If you’ve been following the history of the Data Journalism Developer Studio, you know that it evolved from three previous appliances. Those appliances have been discontinued, but the software in them for the most part lives on in the current one. I’ve been seeing quite a bit of search traffic to my blog coming from the “sentiment analysis” keyword, so I’m posting this mini-guide to getting started.
Sentiment analysis in Data Journalism Developer Studio 2012 is done using the textir R library package. Textir is a “set of tools for inference about text and associated speaker/document sentiment,” created by Assistant Professor of Econometrics and Statistics and Robert L. Graves Faculty Fellow Matt Taddy of the University of Chicago Booth School of Business.

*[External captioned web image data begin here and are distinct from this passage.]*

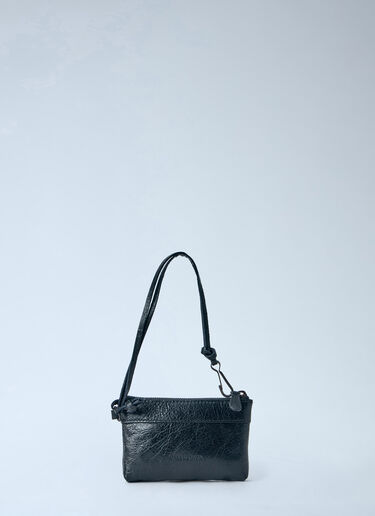 Charm Le City Zipped Pochette Balenciaga Charm Le City Zipped Pochette Black bal0263035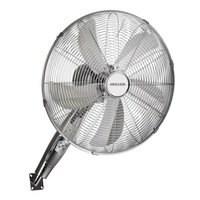 Heller Wall Fan with Remote - Chrome
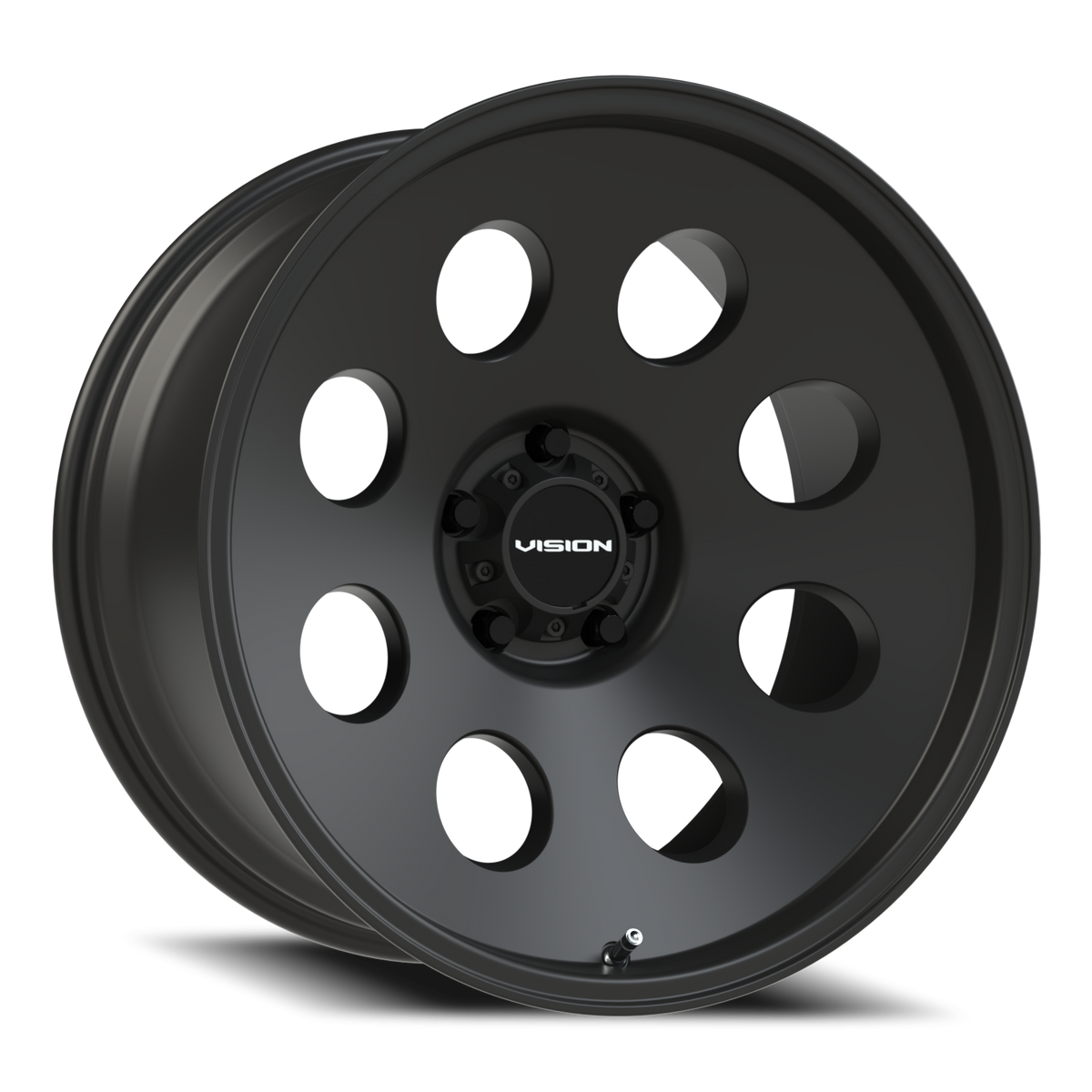 Vision Wheel 56 Satin Black 20x10 -25 5x127mm 78.1mm - Wheelwiz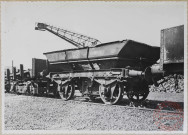 Schibine à minerai. Exemple de tôles corrodées par suite du manque d'entretien.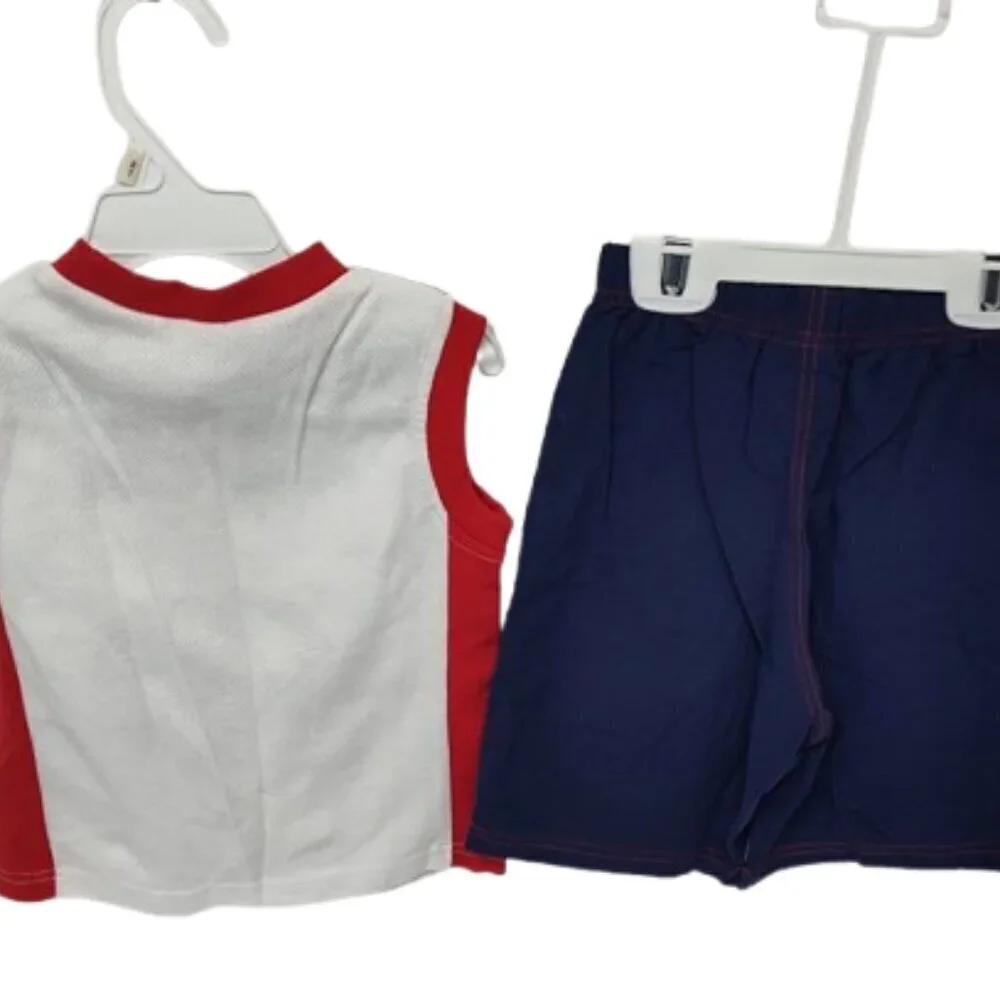 Superman Man of Steel Y2K Boy's 2 Piece Set Sleeveless Top & Shorts Size 3 T NWT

If you’re interested in the mathematics behind this package, Professor Taddy has posted a document to Archiv.org, titled “Inverse Regression for Analysis of Sentiment in Text.” Three sample problems and their solutions are described in the paper: ideology in political speeches, on-line restaurant reviews and business news and stock performance. The political speech, restaurant review and business news datasets are included with the library. See also On Estimation and Selection for Topic Models.
The easiest way to get this package is to install it via Rstudio. Start up Rstudio and select the “Packages” tab in the lower right quadrant. Then press the “Install Packages” button. Type “textir” in the middle line on the form and press “Install”.